How Can We Fight Slavery if We Can't Measure the Problem?

Recently, the US Government's Department of Health and Human Services released a survey of all the research on human trafficking, sex trafficking, and slavery in The United States. It’s a great report and you can read it here. The inescapable conclusion from the report is that there is no consistent and reliable body of research about slavery in the US. We don’t know how many slaves are here, how many are trafficked each year, or where to find them. We cant even agree how to define slavery when it comes to issues like prostitution. While this report is about the US, from all my other reading I can say the level of research worldwide has similar problems.

How can we expect policymakers, philanthropists and the human rights community to spend time and money ending slavery if we can't prove we know that much about it?

All of us who work in the field know that the problem here is with the research. Abolitionists in the field have plenty of knowledge about their areas they work in. So why is the research so immature and how can we fix this problem so that we can drive more funding and support to ending slavery?

If you look at other causes there is often a period where there is an early research gap between the field workers and researchers. Take HIV-AIDS for example: field workers often knew important facts about the spread of HIV and how to stop it well before the academic community could document and test these facts.

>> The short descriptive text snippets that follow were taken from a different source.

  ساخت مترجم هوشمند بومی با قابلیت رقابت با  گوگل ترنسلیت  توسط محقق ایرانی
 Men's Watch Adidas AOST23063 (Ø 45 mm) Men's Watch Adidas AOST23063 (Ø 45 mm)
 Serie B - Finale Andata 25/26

But AIDS is treated by doctors, scientists and public health professionals that are trained in the scientific method, and research is a part of their psyche, so it did not take long to close the research gap. In contrast, slavery is hidden from easy study. Many abolitionists work in secrecy or obscurity and they are generally activists and social workers, not scientists.

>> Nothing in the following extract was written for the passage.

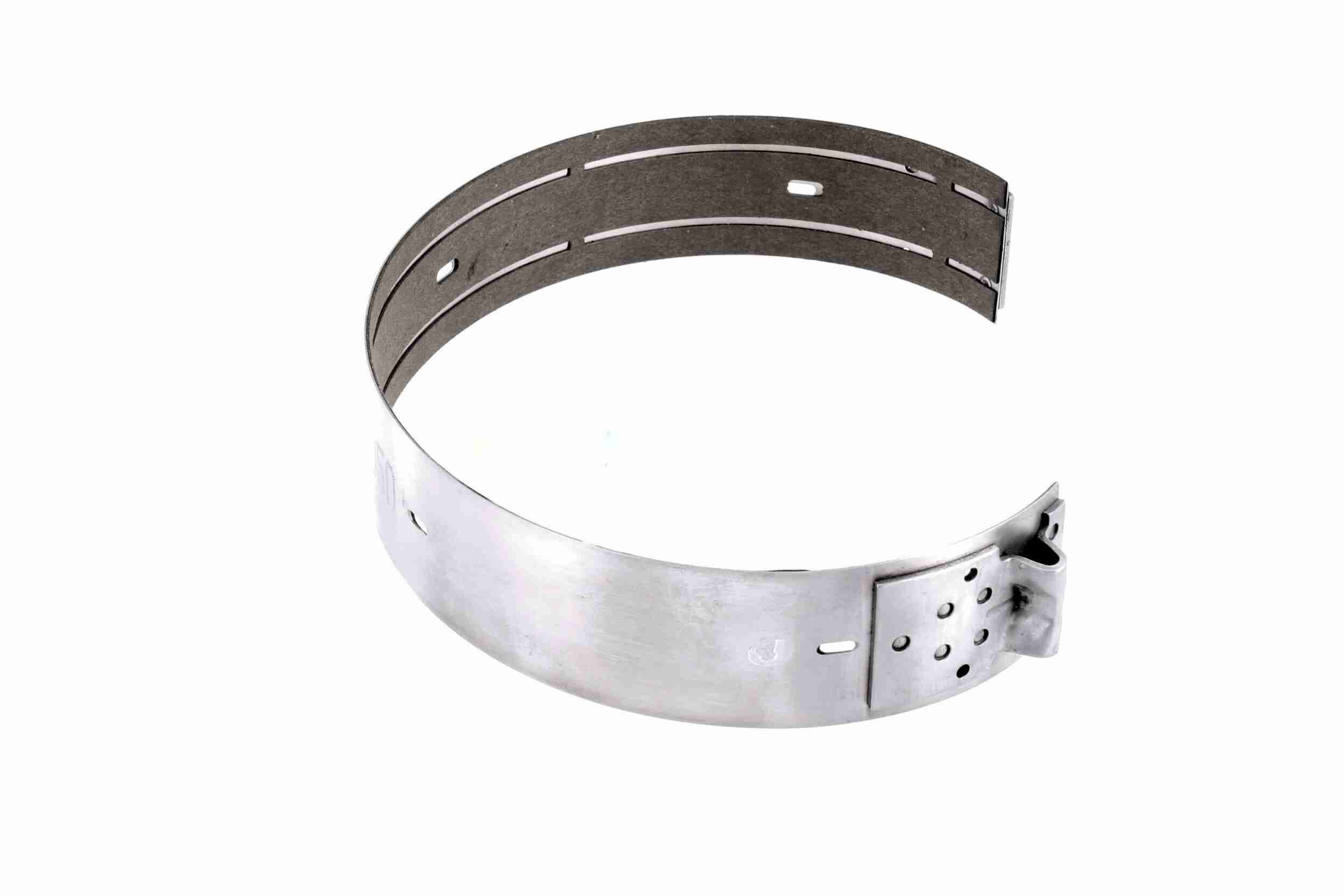 Bremsband, Automatikgetriebe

And there is the chicken and egg problem of insufficient funding. Its hard to convince an abolitionist working in the field that they should take some of their limited funds that they could use to help people, and spend them on measuring, recording, and testing. Research is just not part of the psychology, program goals, or competency of most abolitionists in the field. So when these abolitionists are asked to do research, they do their best, but their research tends to be structured to fit in with what they are already doing and to support their preexisting conclusions.

I've also heard abolitionists question the ethics of funding research. After all, they see people who they could help if they had the funds, so for a well funded researcher to come in, observe, then leave without helping is disturbing. Why not use that money to help people directly? This creates an uncomfortable dynamic between academics and practitioners that we need to get past if we are going to get the research we need to drive more funding to practitioners.

But, understandably, funders want data from their grantees, and that’s how we end up where we are now. The report I linked to above does not say there is no research, in fact it sites a lot of research. The problem is that the research is contradictory, often wildly contradictory. For example, there are plenty of studies that try to calculate how many minors are caught in commercial sexual exploitation, but those studies don’t use comparable definitions and have results that are so widely different there is almost no point in citing them.

So how do we get past this? Its certainly appropriate for funders to expect outcome and observation data from the field, but they need to separately fund independent and objective research. The funding community should expect abolitionists in the field to cooperate with research, but not expect them to conduct the research themselves.

The funding community also has to be willing to take some risk. If they are willing to do the due diligence and spend time in the field with abolitionists its not that hard to figure out which programs are the most effective and where there is the greatest need. Philanthropists should first work to build the anti slavery programs they wish to support until they are mature enough, and stable enough to really benefit from working with researchers.

We should give credit where credit is due. There are non profits like Free The Slaves that have research as a core part of their service model and have been invaluable in building the abolition movement. Free The Slaves clearly deserves our support! There are also foundations that get it: Humanity United is funding two research projects that we are involved in that are helping us improve our programs. But we don’t have to do all the work ourselves, thankfully, HU funded a team from Harvard to manage the research. Because the results of the research will be valuable to us, we are excited about the studies and have integrated them into our day to day work.

As the abolition movement grows, all philanthropists should consider how they can use research to improve the efforts of their grantees, or consider separately funding academics instead of expecting social workers to become scientists. Five years from now we don’t want to read another HHS report citing a whole bunch more studies, but coming to the same conclusion that we don't know enough about slavery.